Motivées par un dignitaire du gouvernement central en visite, les autorités locales du Henan portent la « mission religieuse » au niveau supérieur. Tout pour plaire au Parti.
Wang Yichi
Du 15 au 17 avril, Wang Yang, président du comité national de la Conférence consultative politique du peuple chinois (CCPPC) et membre du Comité permanent du Parti communiste chinois (PCC), a effectué une visite dans la province centrale chinoise du Henan dans le cadre d’une tournée d’inspection de la mission religieuse de trois jours. Au cours de sa visite, M. Wang a insisté sur la nécessité de renforcer le travail politique à la base, tout en invitant les responsables de la mission religieuse à combattre les « activités illégales avec rigueur ».
Les autorités locales du village de Baisha sous la juridiction de la ville de Zhengzhou sont immédiatement passées à l’action : en quatre jours, elles ont démoli quatre temples.
Le propriétaire du temple bouddhiste Deshan a reçu l’ordre de détruire son temple le 16 avril. Des agents locaux ont affiché un avis de démolition sur la porte du temple sur lequel il était écrit : « Lieu d’activités religieuses illégales avec dispositif de sécurité incendie non conforme ». Le propriétaire a été mis en garde qu’au cas où il refuserait d’extraire ses effets du bâtiment et de le démolir lui-même, les autorités s’en chargeraient. Les agents ont ajouté que « brûler de l’encens et adorer Bouddha est superstitieux et signifie qu’on ne croit pas au Parti communiste ». Des personnes ont été affectées à la surveillance permanente du temple, empêchant les fidèles d’y pénétrer.
« L’ordre de démolir le temple vient du gouvernement central. Vous n’avez plus le droit de croire », a rétorqué l’un des agents lorsque le propriétaire du temple lui a demandé de lui expliquer les motifs de la démolition. « Vos statues bouddhistes ne doivent pas être aperçues dans la ville de Zhengzhou ! »
Le temple a été démoli quatre jours plus tard, après que plus d’une centaine de personnes s’y étaient rendues avec des grues, des camions et des excavateurs pour effectuer la besogne. Les agents de police ont bouclé le temple empêchant quiconque d’y entrer ; les résidents des alentours ont même reçu l’ordre de rester chez eux. Le propriétaire a été gardé à vue pendant la démolition et n’a été libéré qu’après que le temple qui lui a coûté plus de 500 000 RMB (environ 65 000 €) avait été réduit en ruines.
« C’était notre maison, mais nous ne pouvons plus l’occuper. Le gouvernement continue de marcher sur les pas de Mao Zedong, il démolit les temples et détruit les statues bouddhistes. Il n’existe absolument pas de liberté religieuse ! », a affirmé impuissant un fidèle.

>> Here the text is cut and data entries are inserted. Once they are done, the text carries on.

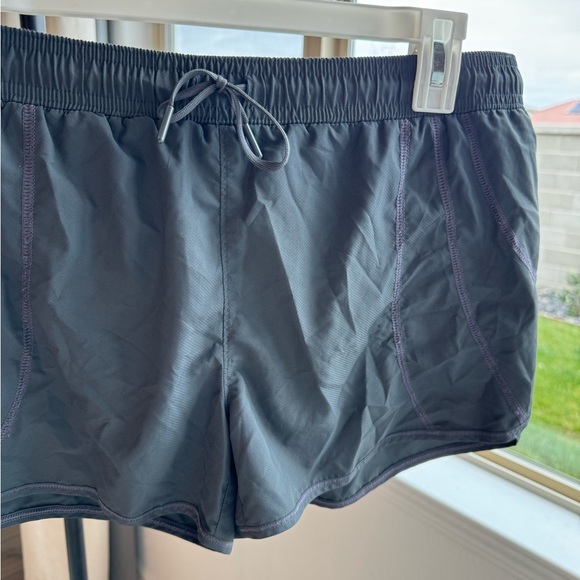 Athleta Black Athletic Running Shorts Size Medium - Picture 2 of 4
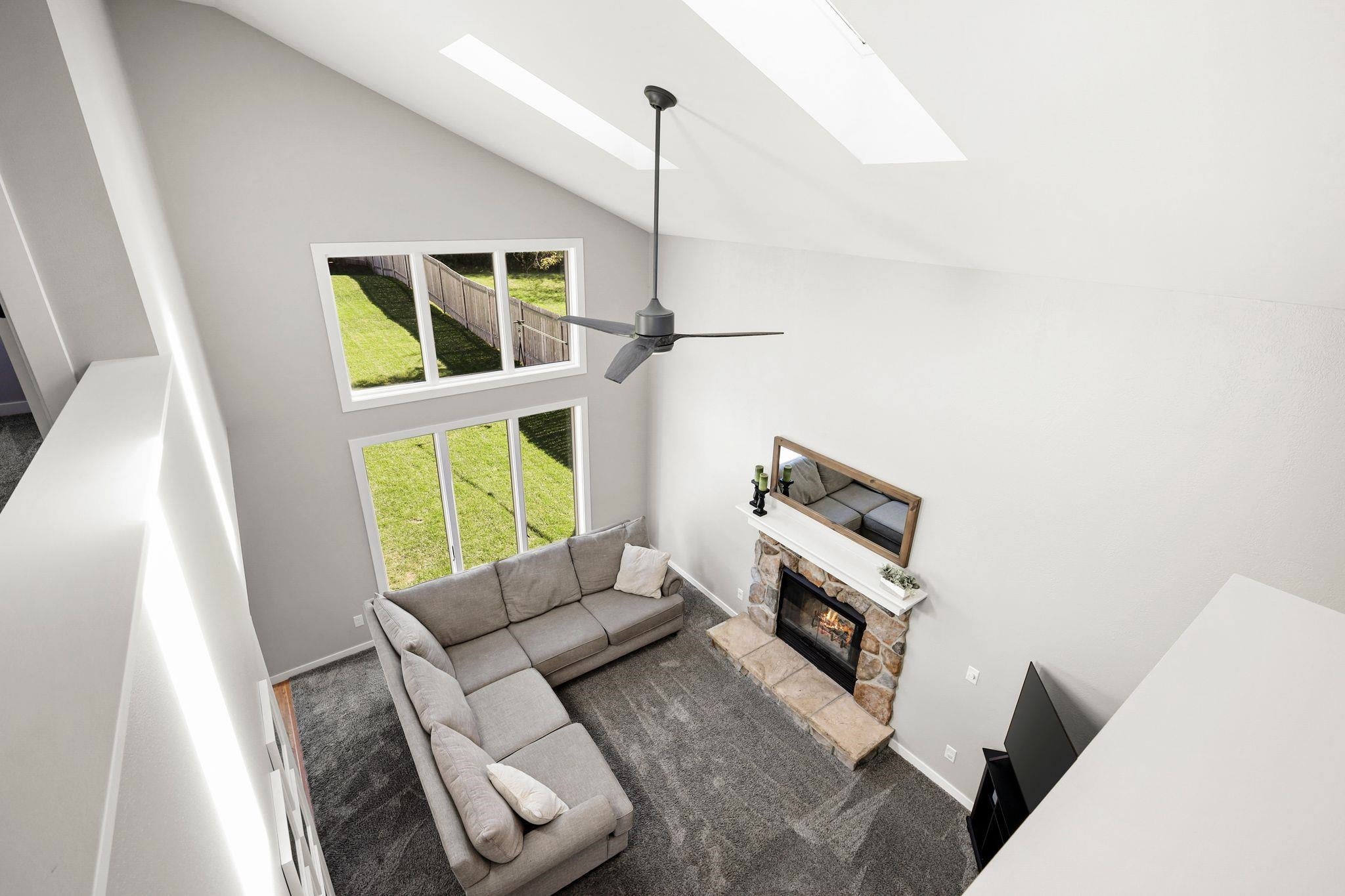 3137 Bradbury Road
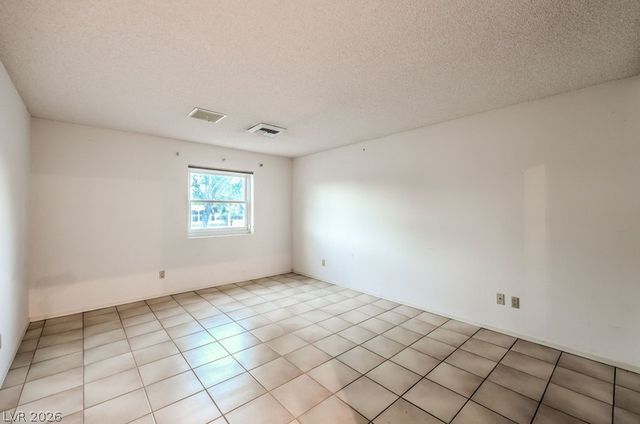 2135 South Cimarron Road, Las Vegas, NV 89117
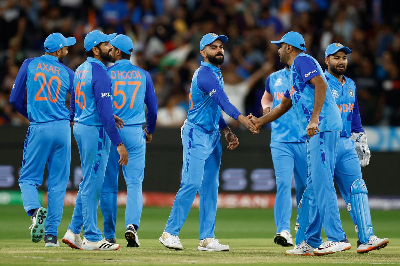 IND Vs ZIM T20 Result : सूर्या-राहुल के शानदार बल्लेबाजी के बाद भारतीय गेंदबाजों ने बरपाया कहर, जिम्बाब्वे को दी 71 रनों से मात, अब सेमीफइनल में इंग्लैंड से होगा सामना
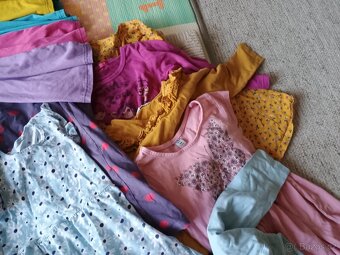 Dívčí oblečení vel. 104 - 13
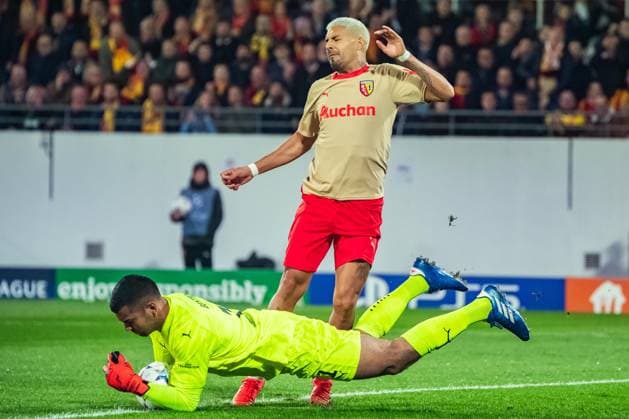 Facundo Medina (RC Lens) FOOTBALL : RC Lens x PSV Eindhoven - Ligue des Champions - JournÃ e 3 - 24 10 2023 BaptisteAutissier Panoramic 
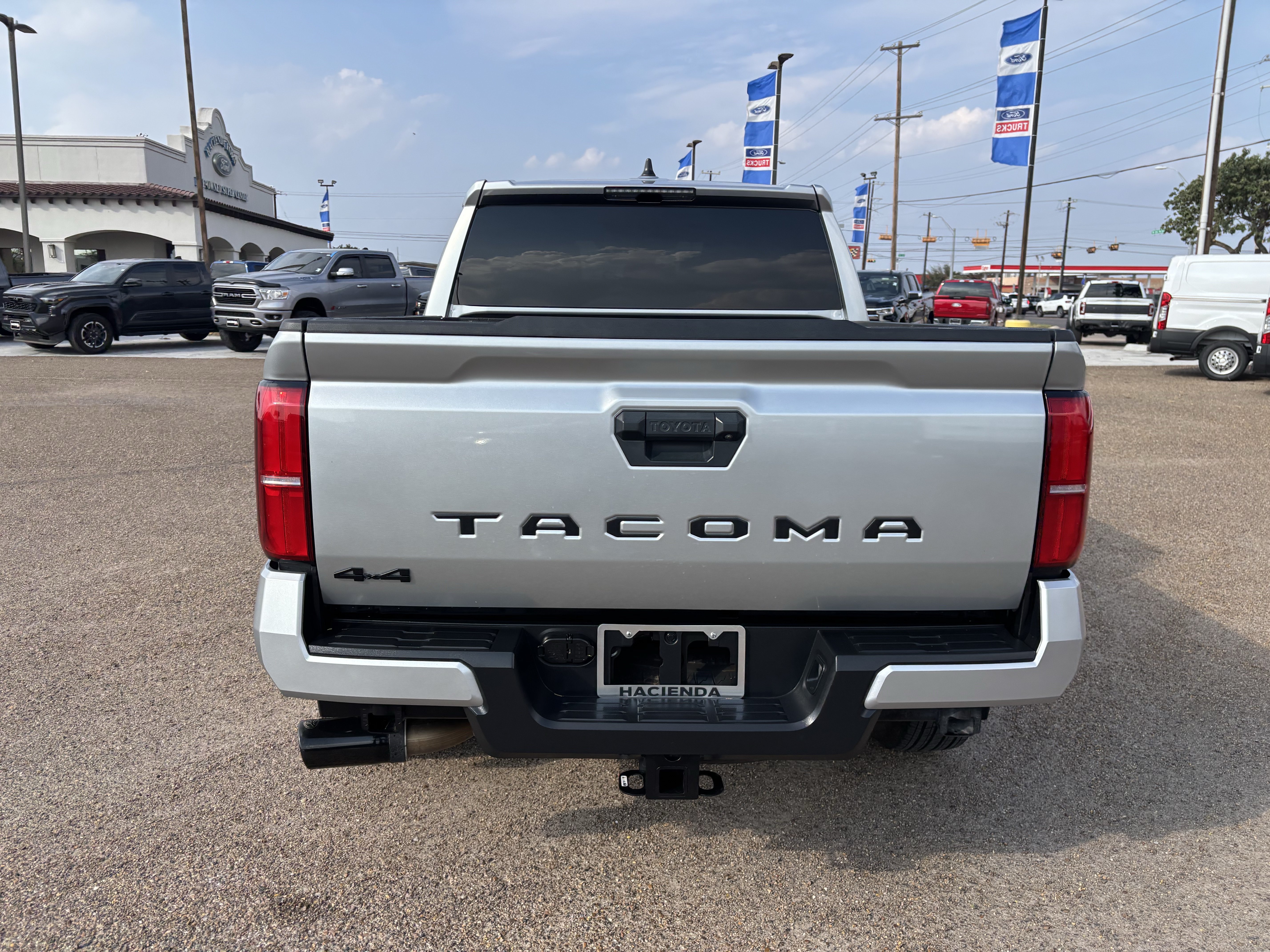 Used 2024 Toyota Tacoma TRD Sport AWD/4WD image 3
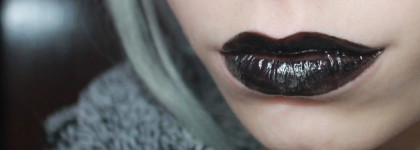 Black is such a happy color. Чёрные блески для губ Nyx Butter Gloss Black Berry Pie и Estrade 106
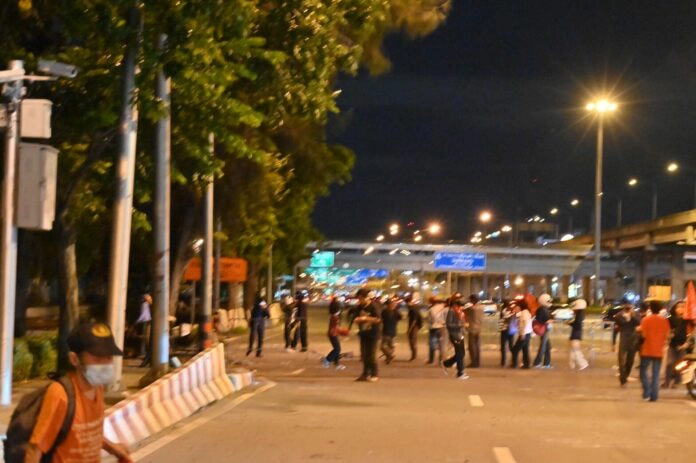 รองโฆษก ตร. ซัดม็อบแยกดินแดงเจตนาก่อความวุ่นวายในบ้านเมือง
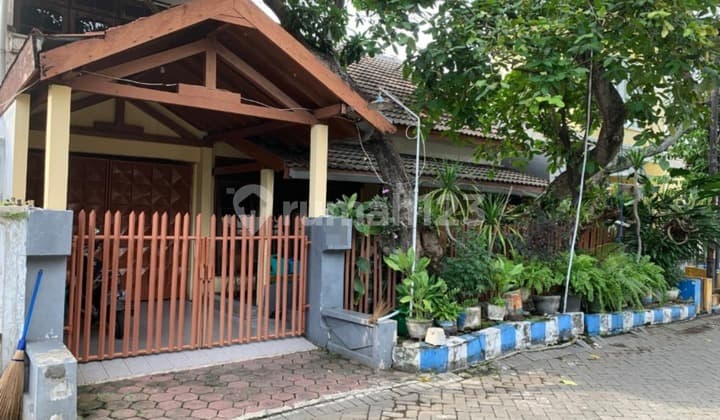 Rumah di Medokan Ayu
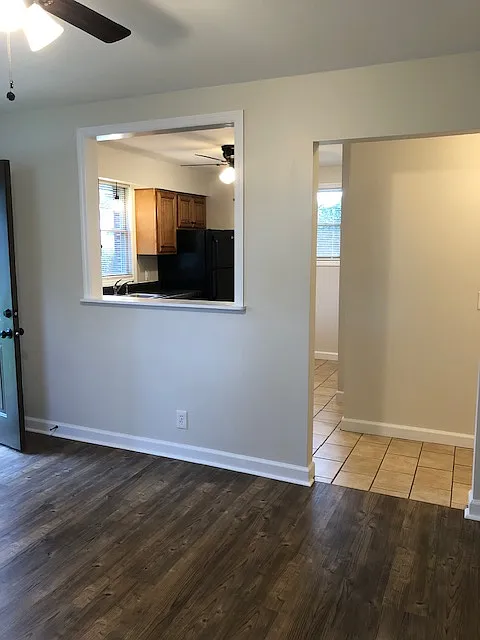 Kitchen pass thru to LR for entertaining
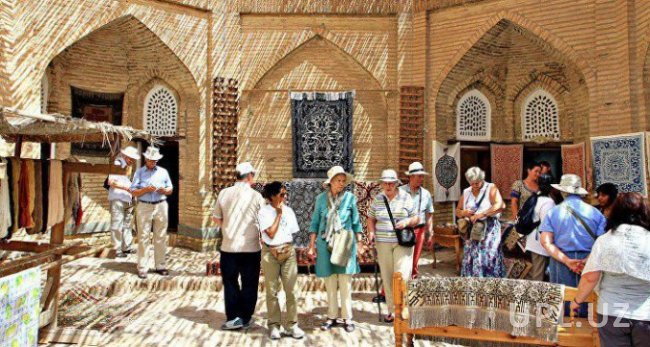 В Узбекистане планируют отменить регистрацию для иностранцев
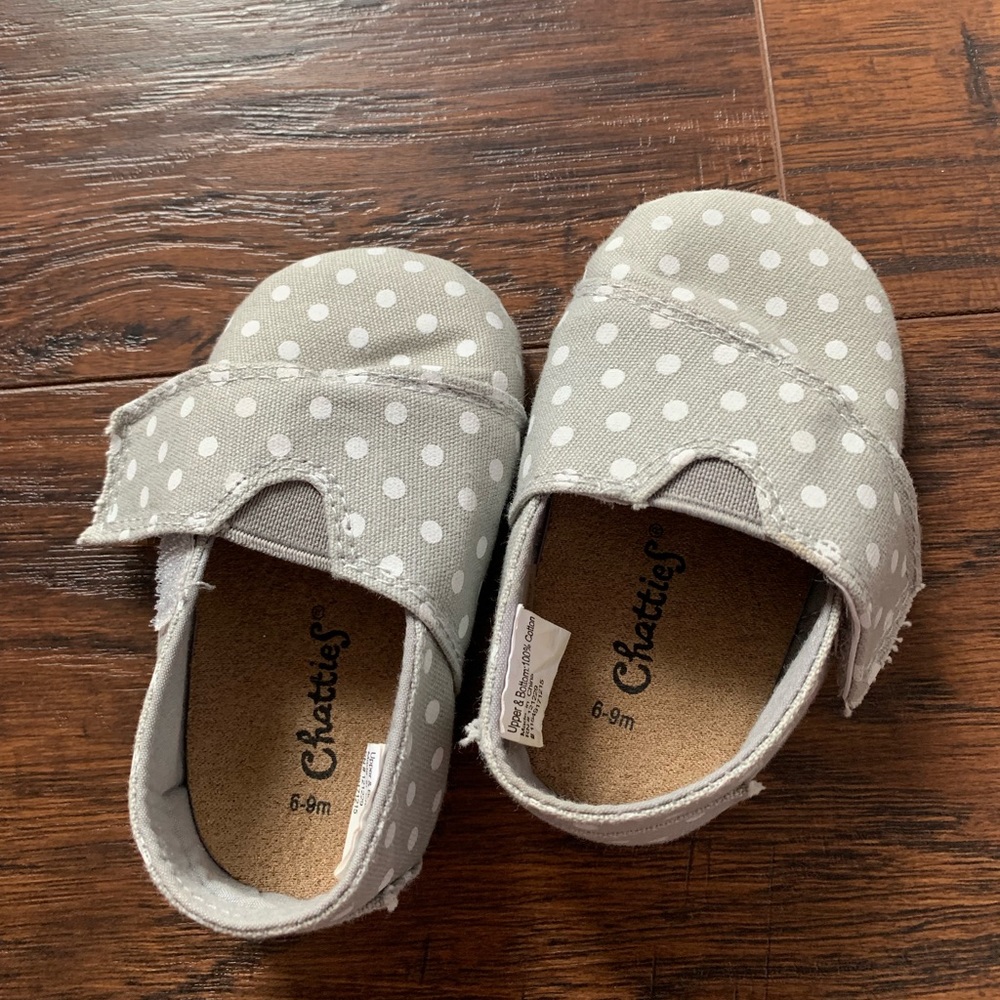 Gray and white dots shoes baby girl moccasins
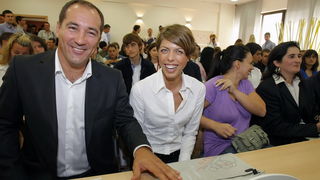 Split, 051010.
Aspira, Visoka skola za sportski menadzment.
Medju upisanim polaznicima skole je Blanka Vlasic, Tina Mihelic, sestre Lucija i Ana Zaninovic, Ivana Brkljacic, Igor Stimac.
Pozdravni govor je odrzao i Zlatko Matesa koji je pozdravio sve prisu Split, 051010.
Aspira, Visoka skola za sportski menadzment.
Medju upisanim polaznicima skole je Blanka Vlasic, Tina Mihelic, sestre Lucija i Ana Zaninovic, Ivana Brkljacic, Igor Stimac.
Pozdravni govor je odrzao i Zlatko Matesa koji je pozdravio sve prisu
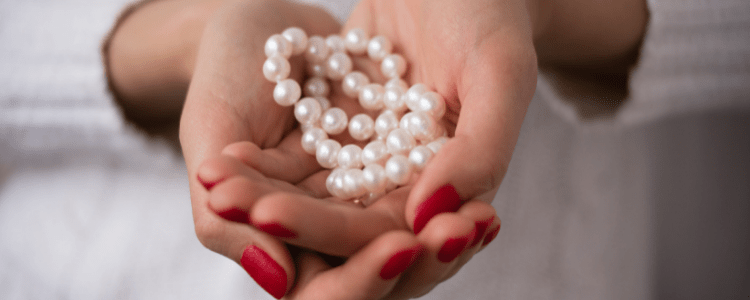 How to Wear Pearls Every Day on Modern Outfits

Le temple taoïste Zumu juste à côté a été construit en 2016 pour un coût de plus de 300 000 RMB (environ 39 000 €). Les propriétaires ont installé une statue de Mao Zedong au temple dans l’espoir que la persécution gouvernementale l’épargnerait. Peine perdue. En prélude à la démolition, la police a renvoyé les croyants et a conduit le propriétaire au poste de police et ne l’a relâché qu’après que le temple a été entièrement démoli.
Les deux autres temples taoïstes du village étaient les cibles suivantes : le temple Laonai, construit 13 années auparavant pour un coût de plus de 500 000 RMB (environ 65 000 €), a été démoli le soir du 17 avril, suivi du temple Yanjun, le 20 avril.
D’après des sources, aucune indemnisation n’a été versée ’à ce jour aux propriétaires des bâtiments détruits.